PROVIDED DATA =>
● ● ● ● ● ● ●

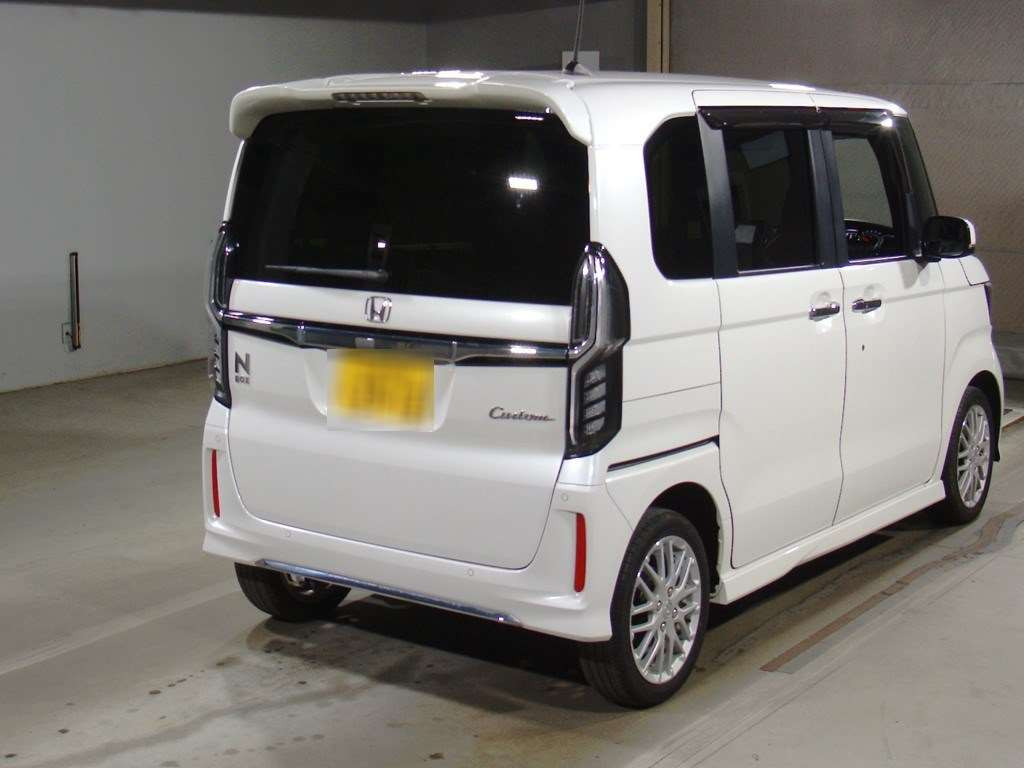 2021 Honda N-BOX CUSTOM JF4[1]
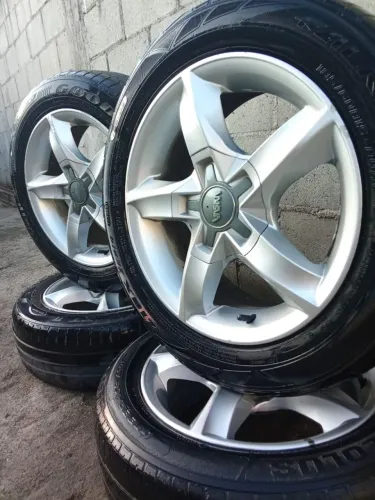 Jogo de rodas Aro 15 Multi furos Vasca com pneus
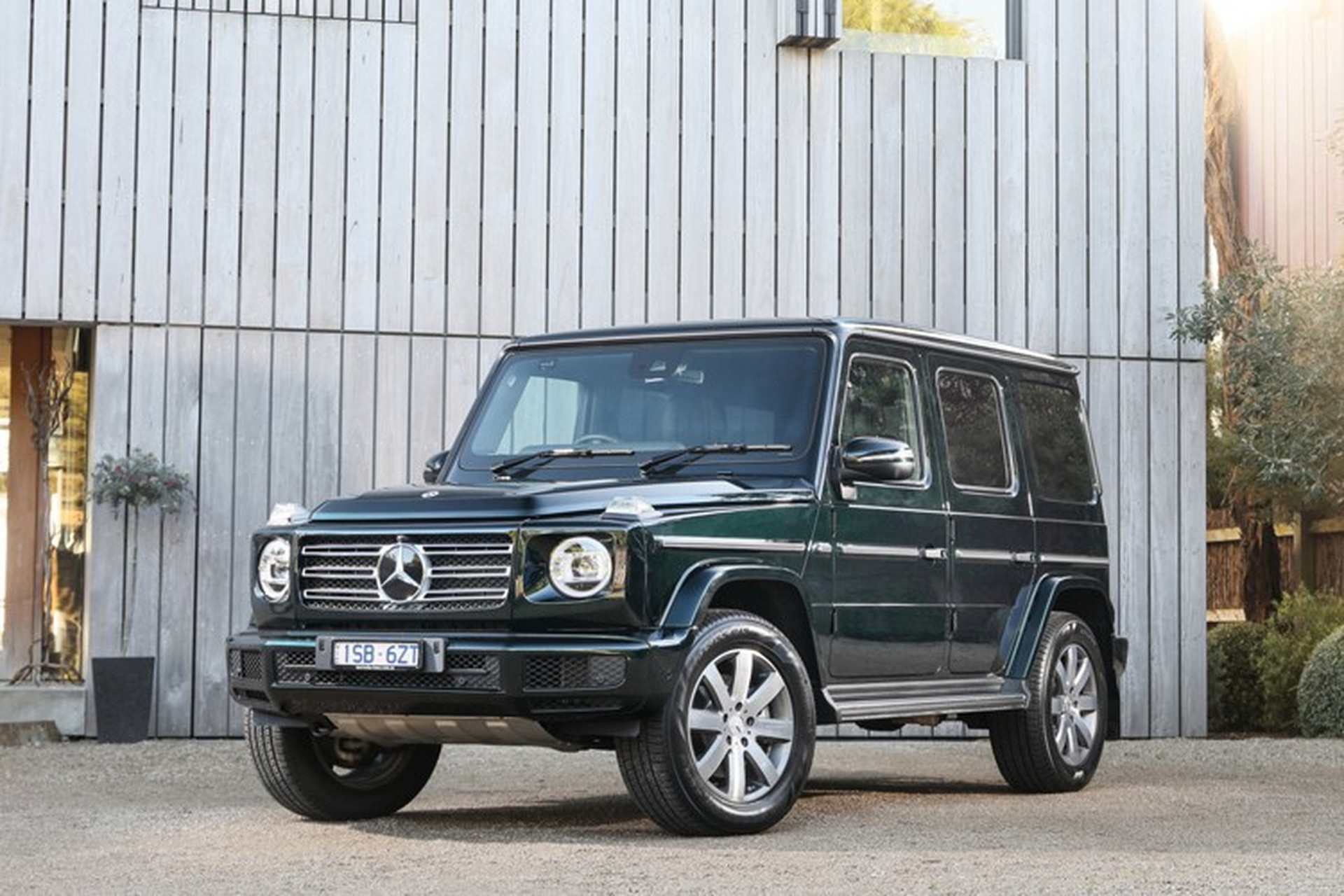 近日,梅赛德斯-奔驰2023款g500正式国内上市,售价189.9万,涨了6.7万.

● ● ● ● ● ● ●

YOUR GOAL =>
Return all the lines above exactly; none of the pictures should appear.

SOLVED EXERCISE =>
 2021 Honda N-BOX CUSTOM JF4[1]
 Jogo de rodas Aro 15 Multi furos Vasca com pneus
 近日,梅赛德斯-奔驰2023款g500正式国内上市,售价189.9万,涨了6.7万.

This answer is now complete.